What Should You Take In A Fire Evacuation? 10 Things You'll Need
In forcing thousands to evacuate from their homes, the wildfires raging in Southern California have highlighted an important issue about natural disaster: When disaster strikes, what do you take with you? Whether forced to leave home because of a fire, a flood, a hurricane, or a tornado, there are certain things experts recommend you take in an evacuation.
On Thursday, officials upgraded evacuation orders from voluntary to mandatory for multiple neighborhoods in Carpinteria, Ventura, Santa Barbara County, and the greater Los Angeles area as high winds made for poor containment conditions and increased the risk of fires spreading. Overall, four major blazes burning in the region have forced nearly 200,000 people to evacuate from their homes, leaving residents to grapple with what to take with them and what to leave behind.
In the midst of an emergency it can often be difficult to think things through clearly and completely, which is why state and federal disaster response agencies recommend planning for a potential evacuation well in advance.
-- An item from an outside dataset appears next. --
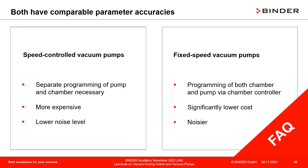Speed-controlled vs. fixed-speed vacuum pumps: parameter accuracy is comparable. Speed-controlled pumps require separate programming of pump and chamber; fixed-speed pumps can be programmed through the chamber directly. Speed-controlled pumps are more expensive but have a lower noise level. Fixed-speed pumps are slightly noisier but still within a reasonable range.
So, what's vitally important and what can be left behind? While ensuring the safety of your family should be priority number one in an evacuation, there are other items it may be critical for you to take in an evacuation.
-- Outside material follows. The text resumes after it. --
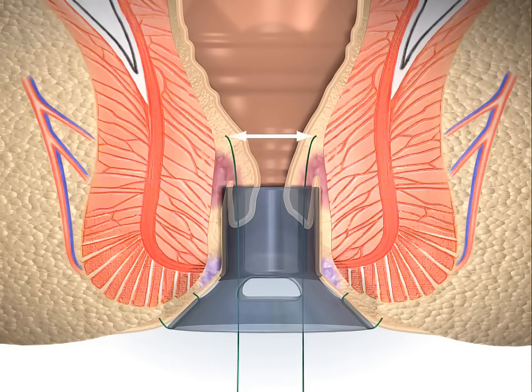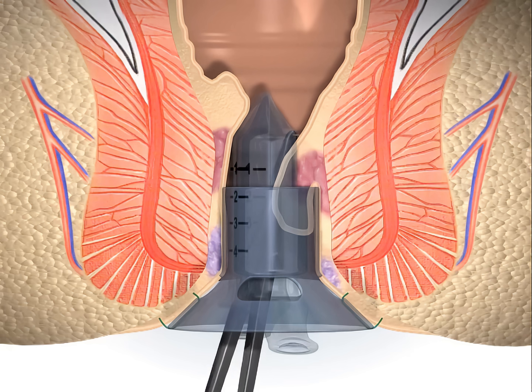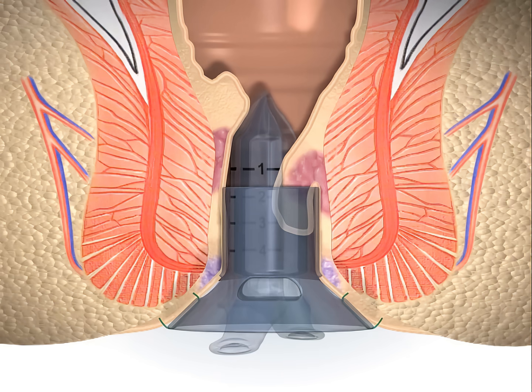The purse-string should be at the same level circumferentially. At each stitch, the purse-string suture anoscope is extracted, then rotated and inserted again. Rotating the anoscope while it is fully inserted in the circular anal dilator can twist the mucosa and cause an improper asymmetric purse-string suture.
Here are the things it's recommended you take from your home if you're ever forced to evacuate.
For many, pets are a part of the family. So, it goes without saying that they should be at the top of the list when it comes to what you take with you to safety.
To save time when an emergency strikes, the Humane Society recommends creating a pet evacuation kit in advance. Stock it with food for your pet and any other supplies you may need for them like a leash, cage, water, or blanket.
Although they are items we carry with us nearly everyday, it can be easy to forget the basics when rushing out the door in a mandatory evacuation. However, it's important to bring forms of identification with you when you're forced to flee your home. Pack your driver's license, passport, and any other critical identification documents you have.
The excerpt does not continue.